-- WHAT YOU ARE ASKED TO DO --
With the pictures removed, write out the data below exactly.

-- THE DATA --
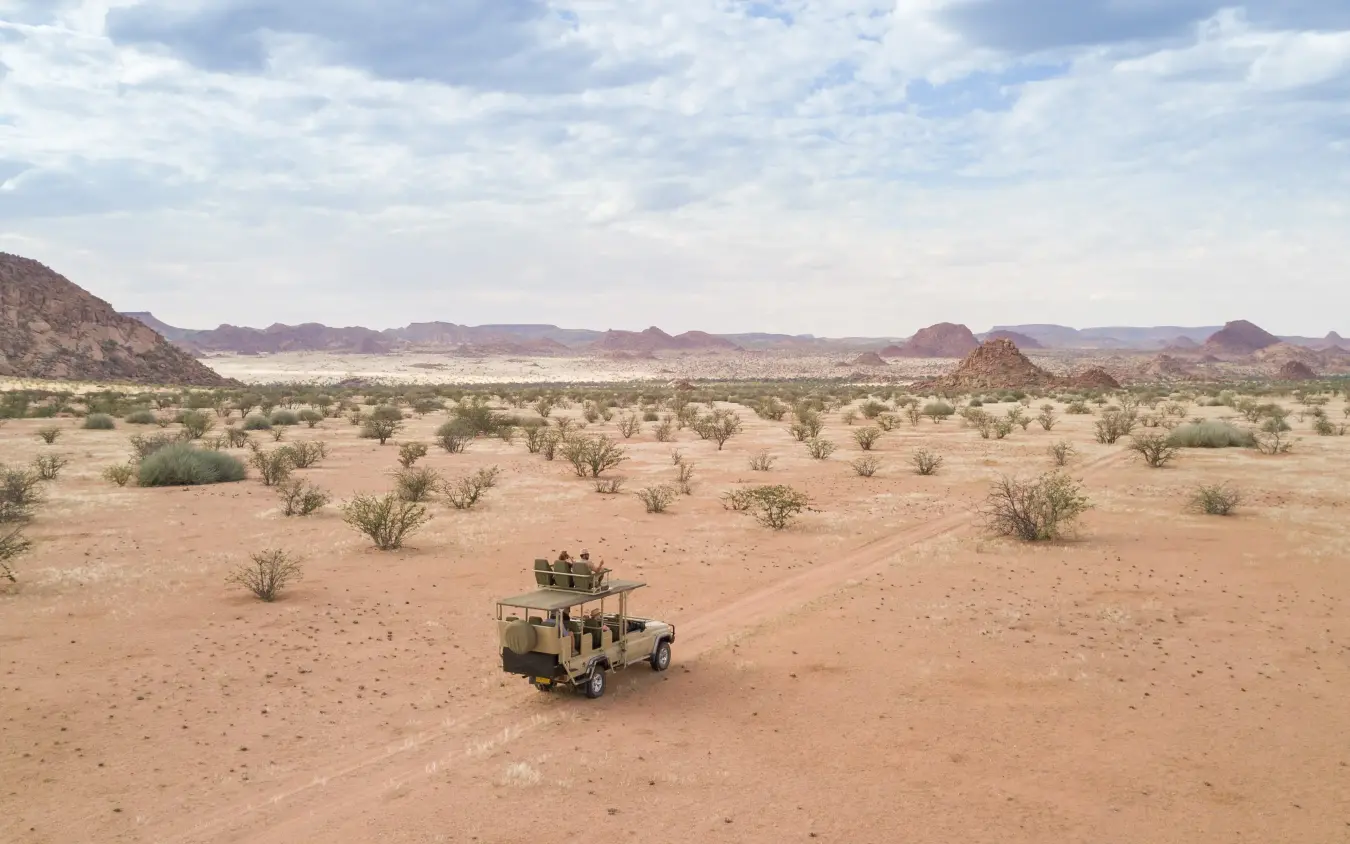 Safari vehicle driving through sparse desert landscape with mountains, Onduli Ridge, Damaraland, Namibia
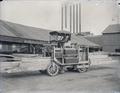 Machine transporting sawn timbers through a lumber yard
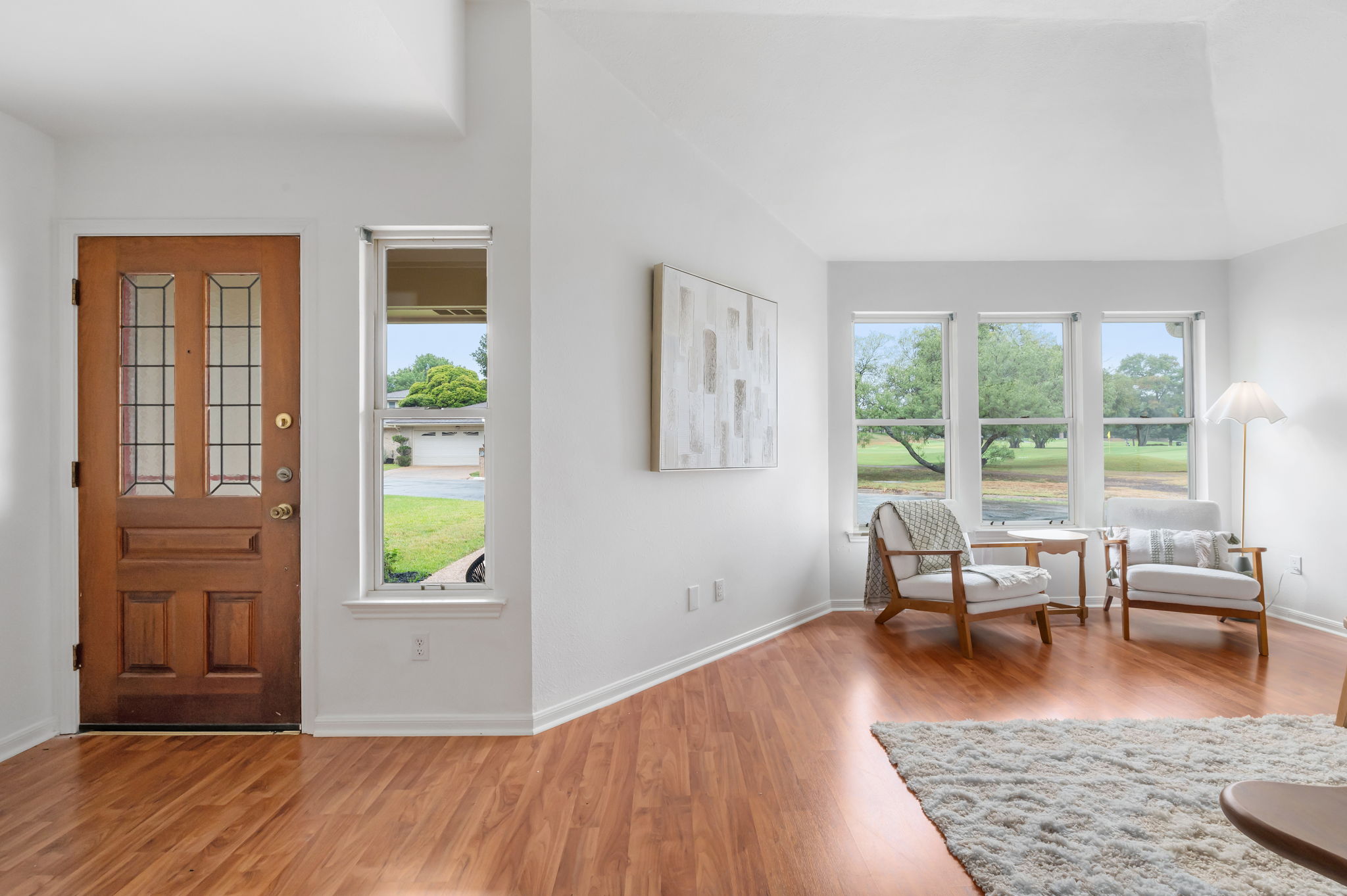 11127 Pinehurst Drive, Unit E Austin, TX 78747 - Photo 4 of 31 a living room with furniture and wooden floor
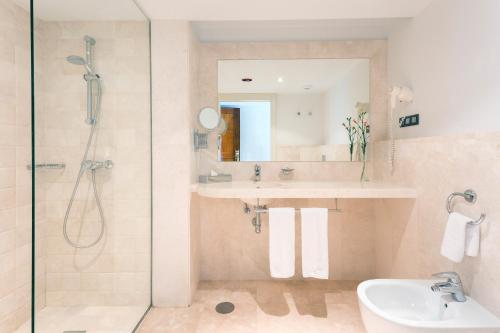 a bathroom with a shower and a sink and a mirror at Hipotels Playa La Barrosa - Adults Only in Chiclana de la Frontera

-- FINISHED TASK --
 Safari vehicle driving through sparse desert landscape with mountains, Onduli Ridge, Damaraland, Namibia
 Machine transporting sawn timbers through a lumber yard
 11127 Pinehurst Drive, Unit E Austin, TX 78747 - Photo 4 of 31 a living room with furniture and wooden floor
 a bathroom with a shower and a sink and a mirror at Hipotels Playa La Barrosa - Adults Only in Chiclana de la Frontera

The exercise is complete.